За короткое время меня посетила целая серия озарений. Я внезапно понял все про разделение времени. Понял все про системы реального времени. И как только я все это понял, система разделения времени сразу заработала у меня в голове. После этого все остальное уже было делом техники.
Для своего времени это был весьма амбициозный проект. Идея была в том, что телетайпы модели 33 - шумные, громоздкие и печатавшие только прописными буквами - должны быть установлены в каждой больничной палате. Телетайп в приемной у врача. Телетайп в аптеке. И телетайп в каждом офисе администратора, думаю, тоже. И наша маленькая система разделения времени должна была все это координировать.

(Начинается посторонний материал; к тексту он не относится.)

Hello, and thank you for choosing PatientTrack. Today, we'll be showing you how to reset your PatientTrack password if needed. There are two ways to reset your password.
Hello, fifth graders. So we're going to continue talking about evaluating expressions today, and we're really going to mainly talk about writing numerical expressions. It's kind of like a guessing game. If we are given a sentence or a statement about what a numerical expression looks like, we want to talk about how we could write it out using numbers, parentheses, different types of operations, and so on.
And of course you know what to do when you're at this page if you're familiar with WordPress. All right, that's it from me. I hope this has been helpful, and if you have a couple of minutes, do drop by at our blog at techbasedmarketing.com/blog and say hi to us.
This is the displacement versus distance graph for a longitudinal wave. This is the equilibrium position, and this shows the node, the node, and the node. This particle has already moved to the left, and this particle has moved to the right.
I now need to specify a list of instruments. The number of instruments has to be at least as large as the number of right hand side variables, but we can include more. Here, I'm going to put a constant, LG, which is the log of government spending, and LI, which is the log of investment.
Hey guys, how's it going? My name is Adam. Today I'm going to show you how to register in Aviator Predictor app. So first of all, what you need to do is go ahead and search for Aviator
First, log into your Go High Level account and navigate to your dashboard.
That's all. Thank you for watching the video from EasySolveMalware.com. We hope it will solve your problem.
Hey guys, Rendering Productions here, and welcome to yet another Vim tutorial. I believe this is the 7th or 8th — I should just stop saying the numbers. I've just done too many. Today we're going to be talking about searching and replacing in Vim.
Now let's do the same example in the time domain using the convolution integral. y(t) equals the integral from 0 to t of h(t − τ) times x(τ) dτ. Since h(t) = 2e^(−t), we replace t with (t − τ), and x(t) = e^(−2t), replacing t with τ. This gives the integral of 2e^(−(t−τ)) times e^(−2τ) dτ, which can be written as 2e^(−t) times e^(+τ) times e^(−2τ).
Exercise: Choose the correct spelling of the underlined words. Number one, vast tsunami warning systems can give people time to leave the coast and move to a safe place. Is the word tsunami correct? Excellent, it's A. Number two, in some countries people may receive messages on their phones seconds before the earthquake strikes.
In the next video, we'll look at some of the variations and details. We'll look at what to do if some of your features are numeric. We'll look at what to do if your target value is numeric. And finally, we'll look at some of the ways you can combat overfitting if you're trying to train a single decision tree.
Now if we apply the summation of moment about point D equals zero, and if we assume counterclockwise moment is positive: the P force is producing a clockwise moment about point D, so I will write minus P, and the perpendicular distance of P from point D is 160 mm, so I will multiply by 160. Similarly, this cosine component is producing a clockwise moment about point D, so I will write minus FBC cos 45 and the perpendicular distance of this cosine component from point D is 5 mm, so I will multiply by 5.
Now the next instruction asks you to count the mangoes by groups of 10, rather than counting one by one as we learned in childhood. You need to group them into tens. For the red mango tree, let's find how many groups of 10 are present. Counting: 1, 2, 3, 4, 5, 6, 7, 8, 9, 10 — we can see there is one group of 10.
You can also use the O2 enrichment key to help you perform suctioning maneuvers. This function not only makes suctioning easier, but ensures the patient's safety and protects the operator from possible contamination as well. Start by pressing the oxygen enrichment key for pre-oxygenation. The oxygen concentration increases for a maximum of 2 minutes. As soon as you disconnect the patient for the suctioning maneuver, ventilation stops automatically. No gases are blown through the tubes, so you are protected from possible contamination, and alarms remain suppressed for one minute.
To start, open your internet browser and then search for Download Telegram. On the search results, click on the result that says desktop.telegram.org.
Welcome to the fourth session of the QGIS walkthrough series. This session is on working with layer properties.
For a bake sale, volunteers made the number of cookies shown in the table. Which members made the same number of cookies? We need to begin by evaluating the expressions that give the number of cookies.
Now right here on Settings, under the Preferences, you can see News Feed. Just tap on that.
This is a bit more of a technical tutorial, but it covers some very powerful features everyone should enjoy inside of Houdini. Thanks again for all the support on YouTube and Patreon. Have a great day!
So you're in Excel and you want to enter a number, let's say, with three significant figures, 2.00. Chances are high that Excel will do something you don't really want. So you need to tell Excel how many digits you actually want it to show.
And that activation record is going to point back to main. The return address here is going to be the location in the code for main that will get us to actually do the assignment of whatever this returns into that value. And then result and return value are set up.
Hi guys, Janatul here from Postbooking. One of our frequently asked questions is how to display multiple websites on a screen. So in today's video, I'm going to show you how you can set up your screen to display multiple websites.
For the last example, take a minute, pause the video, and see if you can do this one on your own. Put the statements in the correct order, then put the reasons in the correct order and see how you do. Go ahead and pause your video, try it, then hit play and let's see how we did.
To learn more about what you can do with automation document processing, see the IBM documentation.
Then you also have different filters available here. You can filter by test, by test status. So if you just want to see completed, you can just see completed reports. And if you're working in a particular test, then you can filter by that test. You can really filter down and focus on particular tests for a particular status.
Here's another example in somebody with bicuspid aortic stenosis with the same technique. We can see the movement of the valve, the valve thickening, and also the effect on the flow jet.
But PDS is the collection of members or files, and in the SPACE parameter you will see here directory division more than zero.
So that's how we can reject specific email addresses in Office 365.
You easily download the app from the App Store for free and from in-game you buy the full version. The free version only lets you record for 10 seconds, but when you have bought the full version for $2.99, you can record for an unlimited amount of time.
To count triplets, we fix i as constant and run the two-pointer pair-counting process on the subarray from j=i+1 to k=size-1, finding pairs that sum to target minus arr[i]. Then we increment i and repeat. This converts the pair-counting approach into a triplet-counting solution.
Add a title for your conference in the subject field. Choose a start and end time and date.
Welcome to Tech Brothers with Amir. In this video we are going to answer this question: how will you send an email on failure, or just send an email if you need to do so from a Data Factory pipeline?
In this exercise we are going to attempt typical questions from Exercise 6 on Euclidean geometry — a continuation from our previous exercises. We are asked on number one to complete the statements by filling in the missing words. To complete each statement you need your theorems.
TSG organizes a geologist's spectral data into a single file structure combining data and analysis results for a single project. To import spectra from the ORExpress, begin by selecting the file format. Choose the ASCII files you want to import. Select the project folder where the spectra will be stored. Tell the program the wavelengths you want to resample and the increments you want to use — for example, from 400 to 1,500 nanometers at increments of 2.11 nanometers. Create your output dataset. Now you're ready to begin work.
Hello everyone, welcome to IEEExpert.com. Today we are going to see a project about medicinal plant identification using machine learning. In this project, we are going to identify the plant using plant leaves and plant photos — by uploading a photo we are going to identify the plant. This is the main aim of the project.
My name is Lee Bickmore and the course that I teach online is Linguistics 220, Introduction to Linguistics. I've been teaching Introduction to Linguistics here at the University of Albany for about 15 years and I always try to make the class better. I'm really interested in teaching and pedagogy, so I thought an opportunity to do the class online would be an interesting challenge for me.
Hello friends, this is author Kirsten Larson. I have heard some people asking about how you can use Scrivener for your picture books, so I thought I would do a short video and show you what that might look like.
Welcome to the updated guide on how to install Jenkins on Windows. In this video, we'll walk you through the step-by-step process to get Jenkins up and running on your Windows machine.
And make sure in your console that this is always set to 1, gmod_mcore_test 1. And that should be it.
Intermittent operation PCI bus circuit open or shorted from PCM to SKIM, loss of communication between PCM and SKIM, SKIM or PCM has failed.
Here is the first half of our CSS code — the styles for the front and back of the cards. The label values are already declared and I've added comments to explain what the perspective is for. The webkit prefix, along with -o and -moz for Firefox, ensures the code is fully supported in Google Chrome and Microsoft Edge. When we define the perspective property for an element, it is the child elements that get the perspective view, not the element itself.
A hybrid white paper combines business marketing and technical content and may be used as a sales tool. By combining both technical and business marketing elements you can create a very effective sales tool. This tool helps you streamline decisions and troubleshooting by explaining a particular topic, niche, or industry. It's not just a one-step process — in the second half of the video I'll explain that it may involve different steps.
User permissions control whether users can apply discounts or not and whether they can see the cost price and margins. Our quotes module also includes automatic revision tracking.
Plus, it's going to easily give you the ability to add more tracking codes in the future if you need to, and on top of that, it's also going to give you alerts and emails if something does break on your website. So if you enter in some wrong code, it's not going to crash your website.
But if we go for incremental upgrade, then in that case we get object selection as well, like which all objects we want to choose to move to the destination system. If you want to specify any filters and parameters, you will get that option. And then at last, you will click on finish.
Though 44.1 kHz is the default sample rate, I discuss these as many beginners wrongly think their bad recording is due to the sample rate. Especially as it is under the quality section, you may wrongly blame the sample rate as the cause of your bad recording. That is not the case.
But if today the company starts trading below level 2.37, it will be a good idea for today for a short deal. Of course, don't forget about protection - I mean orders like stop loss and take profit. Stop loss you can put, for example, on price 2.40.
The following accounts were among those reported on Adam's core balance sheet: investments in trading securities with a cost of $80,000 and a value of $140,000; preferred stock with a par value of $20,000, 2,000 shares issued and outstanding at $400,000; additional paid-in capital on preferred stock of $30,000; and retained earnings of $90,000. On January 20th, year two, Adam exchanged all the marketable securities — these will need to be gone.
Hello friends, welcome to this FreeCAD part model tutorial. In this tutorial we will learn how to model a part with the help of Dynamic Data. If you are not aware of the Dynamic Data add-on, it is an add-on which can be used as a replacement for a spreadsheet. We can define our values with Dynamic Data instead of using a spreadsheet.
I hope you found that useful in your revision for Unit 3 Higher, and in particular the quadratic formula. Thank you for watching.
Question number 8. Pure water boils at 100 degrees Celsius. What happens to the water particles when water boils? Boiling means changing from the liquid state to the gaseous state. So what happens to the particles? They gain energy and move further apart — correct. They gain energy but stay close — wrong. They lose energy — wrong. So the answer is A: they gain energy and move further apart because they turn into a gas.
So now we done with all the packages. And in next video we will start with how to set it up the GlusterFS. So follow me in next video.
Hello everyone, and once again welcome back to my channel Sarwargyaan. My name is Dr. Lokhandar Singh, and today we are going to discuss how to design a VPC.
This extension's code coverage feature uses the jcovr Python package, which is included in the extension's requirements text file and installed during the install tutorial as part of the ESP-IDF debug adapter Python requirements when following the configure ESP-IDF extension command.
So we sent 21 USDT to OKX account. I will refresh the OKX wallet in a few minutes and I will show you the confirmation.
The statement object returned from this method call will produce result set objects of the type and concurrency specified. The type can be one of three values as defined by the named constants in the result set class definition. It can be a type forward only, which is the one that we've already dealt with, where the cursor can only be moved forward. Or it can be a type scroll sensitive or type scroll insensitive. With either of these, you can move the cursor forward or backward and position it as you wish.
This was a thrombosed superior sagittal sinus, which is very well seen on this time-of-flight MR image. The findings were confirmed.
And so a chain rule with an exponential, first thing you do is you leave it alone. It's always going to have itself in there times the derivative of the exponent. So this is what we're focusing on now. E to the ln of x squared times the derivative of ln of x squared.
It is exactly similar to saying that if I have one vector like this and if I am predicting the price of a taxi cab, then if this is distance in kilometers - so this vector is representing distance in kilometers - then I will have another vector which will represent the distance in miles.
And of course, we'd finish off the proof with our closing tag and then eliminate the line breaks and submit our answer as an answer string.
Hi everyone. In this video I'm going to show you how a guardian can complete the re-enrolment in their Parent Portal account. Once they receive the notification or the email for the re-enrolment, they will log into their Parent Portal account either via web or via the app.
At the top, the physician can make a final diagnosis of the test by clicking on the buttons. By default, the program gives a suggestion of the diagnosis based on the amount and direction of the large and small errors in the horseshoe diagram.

Как только пациент входит, его приглашают лечь на кушетку. Доктор сразу назначает анализы. По телетайпу сестре приходит сообщение: “Возьмите такие-то анализы и пронумеруйте их”. В лабораторию приходит сообщение: “Проанализируйте эти образцы”. Если врач прописывает какое-то лекарство, в аптеке сразу об этом узнают и готовят его.
Дурацкий шумный телетайп в каждой палате был просто чудом. Возня с этими примитивными громоздкими аппаратами была довольно утомительной, и медики бунтовали против нее, но меня это мало волновало. Я витал в системных облаках.